Chávez dekretiert letztmalig Gesetze. Keine präsidialen Sondervollmachten bis zu den Wahlen im Oktober

Von Alexandra Cardozo *

Caracas. Kurz vor Ablauf der durch die venezolanische Legislative erteilten Sondervollmachten hat der venezolanische Präsident Hugo Chávez am vorvergangenen Samstag letztmalig von der Möglichkeit Gebrauch gemacht, Gesetze per Präsidialdekret zu verabschieden. Bei der Bekanntgabe von vier Gesetzen betonte Chávez, zumindest bis zu den Wahlen im Oktober keine weiteren Sondervollmachten mehr anzustreben.
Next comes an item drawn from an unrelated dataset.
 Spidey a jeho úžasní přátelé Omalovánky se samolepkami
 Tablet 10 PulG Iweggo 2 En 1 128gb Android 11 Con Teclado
Mit der per Dekret verabschiedeten Direktive über Kompetenzen von Gemeindeverwaltungen soll zukünftig vor allem der Transfer von Mitteln von der nationalen auf die lokale Ebene erleichtert werden. "In diesem Gesetz werden Mechanismen der lokalen Partizipation eigeführt, die den Gemeinden die Kompetenz für den Erhalt von Infrastruktur übertragen, wie zum Beispiel dem Erhalt von Schulen", erklärte die Ministerin für Komunen und Soziale Sicherheit, Isis Ochoa. Für den effizienten Umgang mit öffentlichen Geldern soll es nach Ansicht Ochoas zukünftig eine "breite Politik der Begleitung" geben bei der planerisches und administratives Wissen an die Gemeinden übertragen werden soll.

Zur Lösung des gravierenden Wohnraumsmangels in Venezuela dekretierte Chávez zudem die Reform der staatlichen Bausparfonds. Im Zentrum dieser Neuerungen steht die Gründung einer neuen Baussparkasse (Banco Nacional de Vivienda y Hábitat). Zudem soll ein neuer Fonds aus Erölgeldern aufgelegt werden, aus der die erst vor kurzem beschlossene Ausweitung der Sozialversicherung finanziert werden soll.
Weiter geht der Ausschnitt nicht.